On 21/08/2018 19:04, Olaf van der Spek wrote:
IMO dynamic libs make sense if they're managed by the system, if you have to distribute / install them yourself chances are they're not going to be shared anyway.
If your application consists of multiple separate executable binaries, then you might still want to distribute a library that they all share dynamically, even if it's private. And it is still possible to install libraries system-wide, although that tends to be more frowned on nowadays due to long years of people doing it wrong and installing something that breaks other applications.
Full static, or something that's not easily possible today (AFAIK), building the library files directly as part of your project, ensures you always link to the same code and in the latter case ensures the lib is build with exactly the same settings as your project. The latter is like header-only libs..
Yes, although the latter often brings its own headaches with the build environment (include paths and defined symbols, mostly), which is probably why it's not done as often. And also people often want to be able to compile a library once and then just use it rather than having to recompile it periodically.
Static CRT is mostly (only?) an issue on Windows isn't it? If only MS / Windows itself would take care of installing it.
I think you have some wires crossed. The static CRT is compiled into an application, so by definition doesn't require installation at all. And the dynamic CRT is already installed as part of Windows -- every Windows version always includes all the previously-released CRTs bundled into it. But until they invent a handy time machine, they can't bundle the runtimes that are released after the OS is released. Sometimes they get included in Windows Update, sometimes not (traditionally only security fixes were included, not general feature releases). But in general if you're releasing some software that uses a runtime newer than the oldest version of Windows you're expecting it to run on, then you need to include the runtime in your installer, just in case. Or use the static CRT instead. This is not a Windows-only issue either -- it's just more common to use the latest Windows dev tools than it is to use the latest gcc/clang/stdlib on Linux, since the latter require complex building from source.

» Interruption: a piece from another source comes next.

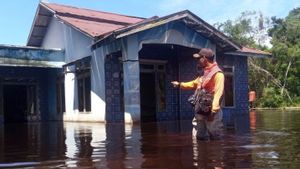 洪水Rendam 706 Kubu Raya Kalbar的房屋,2,396 人受到影响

And then if you do that you would again either have to use the static runtime or distribute a dynamic runtime along with your binary if you expect it to be able to run on a system that only has the older runtime installed. (Again, Linux seems less prone to this in general only due to the culture of compiling from source rather than distributing binaries, unless using binaries precompiled and distributed by the system vendor.) This is getting a bit off-topic anyway.